### What needs to be done:
Using the records below, copy exactly the part that opens with the line holding "Support de téléphone" and closes with the line holding "Premium Flap Bag Dark Brown", minus the pictures.

### The input:
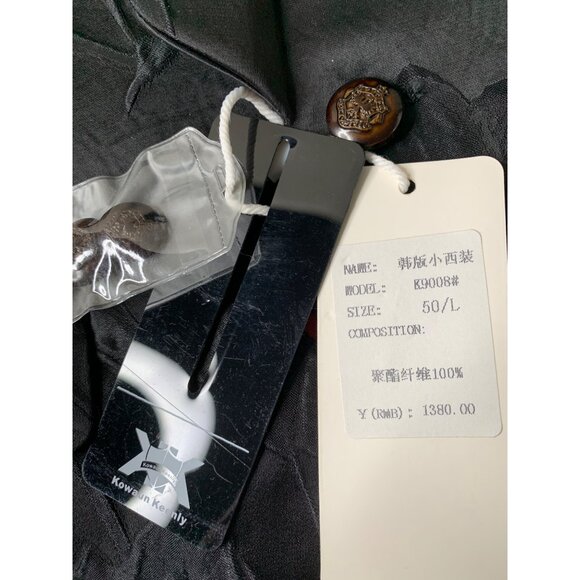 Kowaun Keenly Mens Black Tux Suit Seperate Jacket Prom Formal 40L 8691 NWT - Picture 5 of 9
* * *
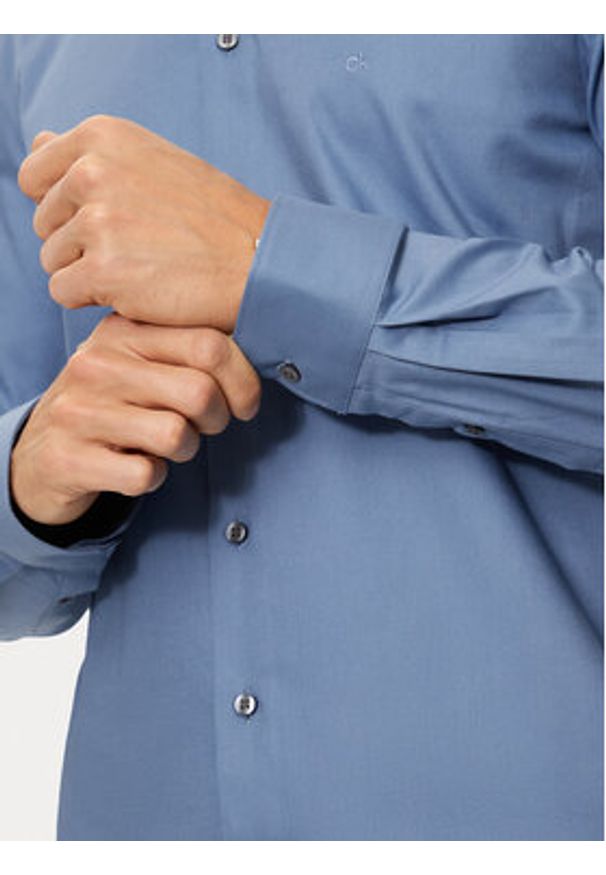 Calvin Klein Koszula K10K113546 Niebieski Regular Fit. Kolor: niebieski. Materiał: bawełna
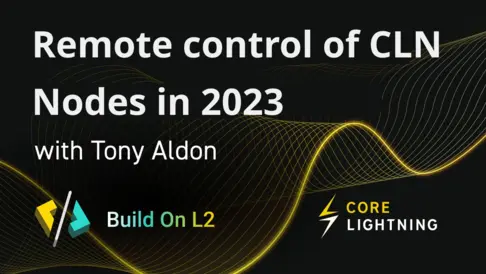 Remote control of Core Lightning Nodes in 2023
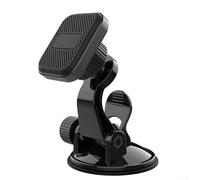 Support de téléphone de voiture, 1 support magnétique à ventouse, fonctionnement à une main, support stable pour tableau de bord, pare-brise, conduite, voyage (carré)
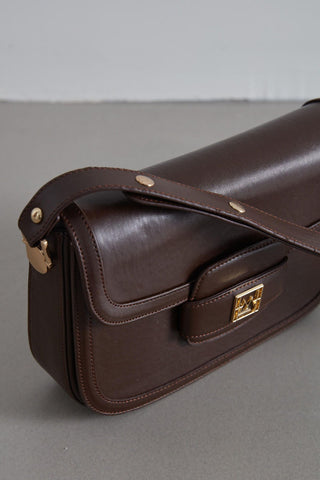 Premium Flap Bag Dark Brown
* * *
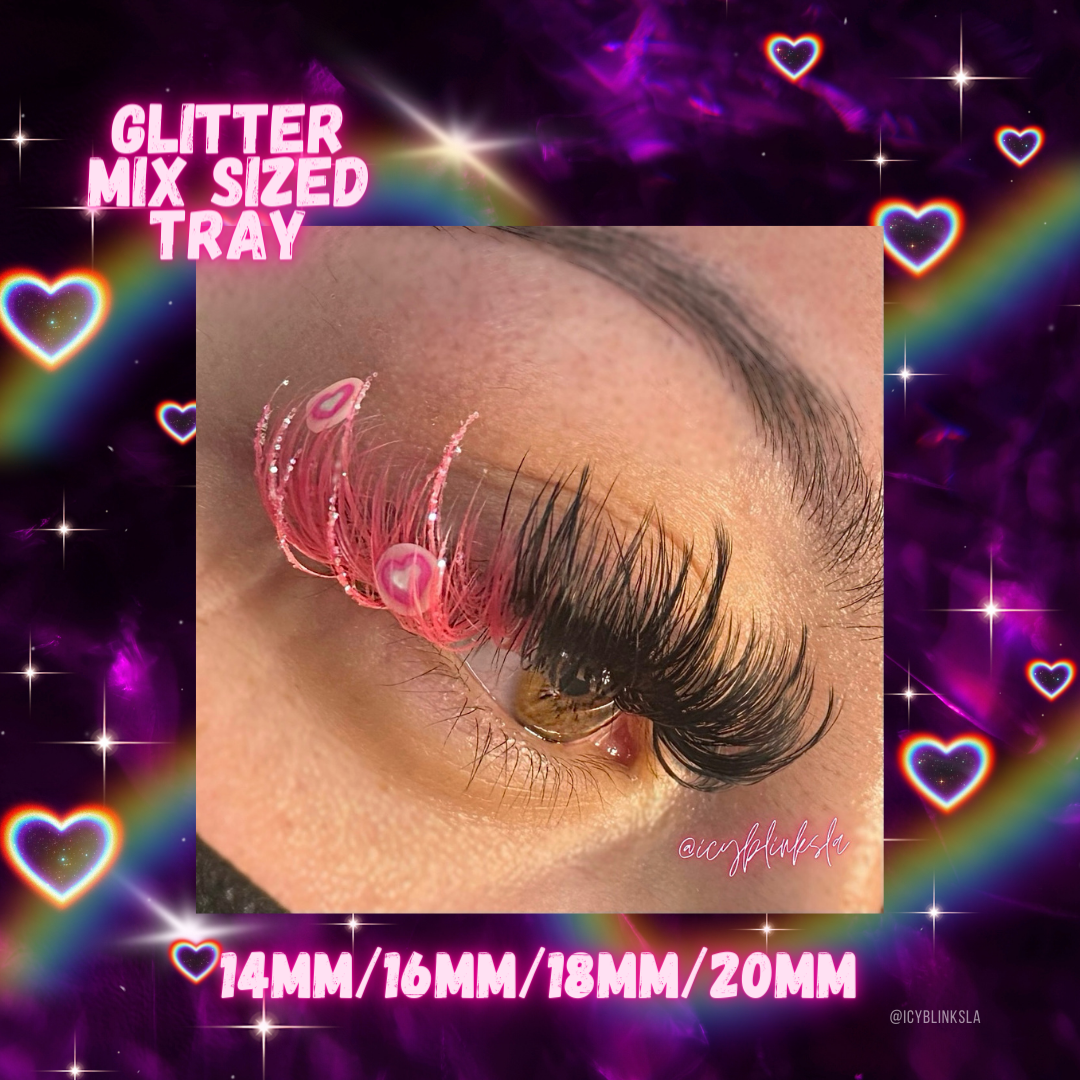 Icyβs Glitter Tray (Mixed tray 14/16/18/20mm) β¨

### Output below:
 Support de téléphone de voiture, 1 support magnétique à ventouse, fonctionnement à une main, support stable pour tableau de bord, pare-brise, conduite, voyage (carré)
 Premium Flap Bag Dark Brown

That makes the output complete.